──────── INFORMATION

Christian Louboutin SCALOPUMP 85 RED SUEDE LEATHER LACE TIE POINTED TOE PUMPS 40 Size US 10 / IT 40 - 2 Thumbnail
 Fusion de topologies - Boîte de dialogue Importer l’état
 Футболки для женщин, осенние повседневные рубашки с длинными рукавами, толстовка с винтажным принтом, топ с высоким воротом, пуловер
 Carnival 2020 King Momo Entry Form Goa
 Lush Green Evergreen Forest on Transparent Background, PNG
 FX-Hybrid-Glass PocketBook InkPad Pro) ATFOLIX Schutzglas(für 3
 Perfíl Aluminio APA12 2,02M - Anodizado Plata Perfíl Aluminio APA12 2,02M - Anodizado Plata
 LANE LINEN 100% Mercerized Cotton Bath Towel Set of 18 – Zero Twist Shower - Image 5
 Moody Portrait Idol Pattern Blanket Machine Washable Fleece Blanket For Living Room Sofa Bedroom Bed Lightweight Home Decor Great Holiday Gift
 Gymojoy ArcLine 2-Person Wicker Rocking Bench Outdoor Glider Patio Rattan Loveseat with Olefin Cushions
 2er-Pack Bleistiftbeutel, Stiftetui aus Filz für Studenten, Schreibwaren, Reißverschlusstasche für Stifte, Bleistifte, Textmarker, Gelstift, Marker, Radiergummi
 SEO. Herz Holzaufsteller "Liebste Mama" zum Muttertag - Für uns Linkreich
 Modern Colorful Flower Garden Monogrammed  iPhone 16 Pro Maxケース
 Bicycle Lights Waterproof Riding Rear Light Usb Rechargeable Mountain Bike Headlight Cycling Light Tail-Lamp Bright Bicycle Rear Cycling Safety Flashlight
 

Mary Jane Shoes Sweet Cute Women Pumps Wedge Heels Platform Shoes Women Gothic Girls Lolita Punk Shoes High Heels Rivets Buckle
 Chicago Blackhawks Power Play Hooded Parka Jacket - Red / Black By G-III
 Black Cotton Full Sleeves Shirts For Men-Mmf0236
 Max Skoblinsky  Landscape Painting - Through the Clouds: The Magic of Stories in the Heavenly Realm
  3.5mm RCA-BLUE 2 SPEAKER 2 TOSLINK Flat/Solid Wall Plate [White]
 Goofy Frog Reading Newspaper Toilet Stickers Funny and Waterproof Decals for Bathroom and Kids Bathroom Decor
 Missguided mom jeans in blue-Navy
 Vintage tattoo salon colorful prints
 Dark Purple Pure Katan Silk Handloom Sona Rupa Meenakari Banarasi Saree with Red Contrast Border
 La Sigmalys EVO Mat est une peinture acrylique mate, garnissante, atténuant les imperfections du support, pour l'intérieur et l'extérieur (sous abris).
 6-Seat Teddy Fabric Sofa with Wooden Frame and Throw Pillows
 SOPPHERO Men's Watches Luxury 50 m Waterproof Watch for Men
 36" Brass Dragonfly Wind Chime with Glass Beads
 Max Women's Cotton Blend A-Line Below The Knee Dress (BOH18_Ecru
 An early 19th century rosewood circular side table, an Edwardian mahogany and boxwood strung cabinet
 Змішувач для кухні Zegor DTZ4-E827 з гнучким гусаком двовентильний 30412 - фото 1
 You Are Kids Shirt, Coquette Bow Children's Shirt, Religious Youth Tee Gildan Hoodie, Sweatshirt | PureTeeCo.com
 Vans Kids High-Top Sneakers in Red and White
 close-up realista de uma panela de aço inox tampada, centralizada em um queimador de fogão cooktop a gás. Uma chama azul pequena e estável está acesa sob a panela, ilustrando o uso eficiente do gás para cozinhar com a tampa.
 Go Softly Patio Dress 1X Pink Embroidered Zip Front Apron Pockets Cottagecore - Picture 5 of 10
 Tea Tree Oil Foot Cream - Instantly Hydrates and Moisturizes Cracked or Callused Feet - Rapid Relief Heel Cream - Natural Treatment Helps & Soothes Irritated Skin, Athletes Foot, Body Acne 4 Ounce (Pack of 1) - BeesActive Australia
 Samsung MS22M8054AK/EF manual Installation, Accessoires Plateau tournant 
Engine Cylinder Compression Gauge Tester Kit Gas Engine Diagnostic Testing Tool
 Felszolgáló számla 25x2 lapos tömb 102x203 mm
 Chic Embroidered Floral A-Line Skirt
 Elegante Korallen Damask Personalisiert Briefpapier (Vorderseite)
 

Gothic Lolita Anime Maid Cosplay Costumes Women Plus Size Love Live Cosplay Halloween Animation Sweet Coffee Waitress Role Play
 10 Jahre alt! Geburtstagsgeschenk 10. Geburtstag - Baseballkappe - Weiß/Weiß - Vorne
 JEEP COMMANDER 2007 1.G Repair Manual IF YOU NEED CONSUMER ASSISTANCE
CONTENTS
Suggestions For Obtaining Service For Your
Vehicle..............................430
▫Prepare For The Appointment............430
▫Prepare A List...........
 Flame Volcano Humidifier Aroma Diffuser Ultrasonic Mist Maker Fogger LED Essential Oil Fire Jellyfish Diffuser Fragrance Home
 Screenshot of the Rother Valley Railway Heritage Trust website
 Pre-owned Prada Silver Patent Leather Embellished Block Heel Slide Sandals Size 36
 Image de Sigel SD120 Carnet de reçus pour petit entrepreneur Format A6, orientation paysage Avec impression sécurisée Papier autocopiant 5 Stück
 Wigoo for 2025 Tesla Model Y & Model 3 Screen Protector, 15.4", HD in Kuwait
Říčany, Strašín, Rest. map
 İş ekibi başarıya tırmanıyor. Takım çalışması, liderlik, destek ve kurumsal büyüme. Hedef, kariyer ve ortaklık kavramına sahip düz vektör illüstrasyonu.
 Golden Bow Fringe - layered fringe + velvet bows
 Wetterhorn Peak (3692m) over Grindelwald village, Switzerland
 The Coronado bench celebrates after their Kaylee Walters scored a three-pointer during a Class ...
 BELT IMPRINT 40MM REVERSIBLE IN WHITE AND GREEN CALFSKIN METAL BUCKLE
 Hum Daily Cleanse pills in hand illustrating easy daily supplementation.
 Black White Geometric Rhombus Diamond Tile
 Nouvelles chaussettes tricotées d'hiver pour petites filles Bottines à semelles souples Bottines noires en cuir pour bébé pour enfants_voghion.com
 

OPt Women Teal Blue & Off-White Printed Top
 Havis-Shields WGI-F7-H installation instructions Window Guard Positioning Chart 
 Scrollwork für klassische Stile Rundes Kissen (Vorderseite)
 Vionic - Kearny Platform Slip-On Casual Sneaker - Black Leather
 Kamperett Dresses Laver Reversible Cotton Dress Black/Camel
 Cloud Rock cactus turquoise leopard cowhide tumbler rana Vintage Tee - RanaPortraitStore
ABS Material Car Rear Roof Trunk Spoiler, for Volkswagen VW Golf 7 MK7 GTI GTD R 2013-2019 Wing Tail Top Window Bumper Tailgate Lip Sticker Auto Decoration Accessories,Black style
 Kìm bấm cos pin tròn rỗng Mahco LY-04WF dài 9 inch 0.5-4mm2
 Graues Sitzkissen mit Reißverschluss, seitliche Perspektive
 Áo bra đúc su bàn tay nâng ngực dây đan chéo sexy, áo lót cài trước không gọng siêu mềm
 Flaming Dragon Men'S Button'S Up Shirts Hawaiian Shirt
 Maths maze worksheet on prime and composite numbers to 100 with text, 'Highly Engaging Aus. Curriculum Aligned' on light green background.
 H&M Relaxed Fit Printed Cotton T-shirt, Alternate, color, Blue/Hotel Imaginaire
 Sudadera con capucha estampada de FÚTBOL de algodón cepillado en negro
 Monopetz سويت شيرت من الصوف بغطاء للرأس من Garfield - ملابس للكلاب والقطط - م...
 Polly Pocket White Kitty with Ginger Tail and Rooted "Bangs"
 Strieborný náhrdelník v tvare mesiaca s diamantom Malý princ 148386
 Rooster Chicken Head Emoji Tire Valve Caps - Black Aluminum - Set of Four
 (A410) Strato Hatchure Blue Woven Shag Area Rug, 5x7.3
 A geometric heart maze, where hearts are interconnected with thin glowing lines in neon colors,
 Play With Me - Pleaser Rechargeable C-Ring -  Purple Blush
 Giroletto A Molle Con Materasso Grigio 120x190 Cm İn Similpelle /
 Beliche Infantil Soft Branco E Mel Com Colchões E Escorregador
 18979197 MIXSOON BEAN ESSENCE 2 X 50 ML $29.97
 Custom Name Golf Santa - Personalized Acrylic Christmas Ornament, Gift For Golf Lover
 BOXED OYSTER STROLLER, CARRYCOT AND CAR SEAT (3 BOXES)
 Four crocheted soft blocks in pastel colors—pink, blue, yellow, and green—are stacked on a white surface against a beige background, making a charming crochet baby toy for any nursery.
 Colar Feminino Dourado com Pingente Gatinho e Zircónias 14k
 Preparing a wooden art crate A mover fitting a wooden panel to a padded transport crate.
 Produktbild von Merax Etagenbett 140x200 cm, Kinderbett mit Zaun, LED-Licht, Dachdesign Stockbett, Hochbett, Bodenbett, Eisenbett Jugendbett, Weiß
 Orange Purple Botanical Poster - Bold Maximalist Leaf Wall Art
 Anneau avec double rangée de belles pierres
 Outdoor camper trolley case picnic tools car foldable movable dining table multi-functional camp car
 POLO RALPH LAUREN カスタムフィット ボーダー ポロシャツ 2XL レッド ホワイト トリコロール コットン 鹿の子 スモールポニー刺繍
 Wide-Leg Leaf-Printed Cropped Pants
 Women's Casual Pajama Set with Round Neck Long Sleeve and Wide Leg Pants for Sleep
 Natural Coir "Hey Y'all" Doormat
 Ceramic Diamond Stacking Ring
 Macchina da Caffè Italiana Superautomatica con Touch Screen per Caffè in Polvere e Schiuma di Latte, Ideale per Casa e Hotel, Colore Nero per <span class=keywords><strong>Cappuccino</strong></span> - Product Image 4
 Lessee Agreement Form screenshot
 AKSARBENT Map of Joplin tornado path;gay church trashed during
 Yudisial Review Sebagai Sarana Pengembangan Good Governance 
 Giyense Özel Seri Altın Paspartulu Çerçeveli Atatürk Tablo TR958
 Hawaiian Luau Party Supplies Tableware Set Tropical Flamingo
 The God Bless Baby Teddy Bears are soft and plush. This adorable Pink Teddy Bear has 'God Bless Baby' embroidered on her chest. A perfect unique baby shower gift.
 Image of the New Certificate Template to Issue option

────────────────

[EXERCISE OBJECTIVE] Scan the records for the word "Shirts". Copy each line where it turns up.

[TASK ANSWER]
 Black Cotton Full Sleeves Shirts For Men-Mmf0236
 Flaming Dragon Men'S Button'S Up Shirts Hawaiian Shirt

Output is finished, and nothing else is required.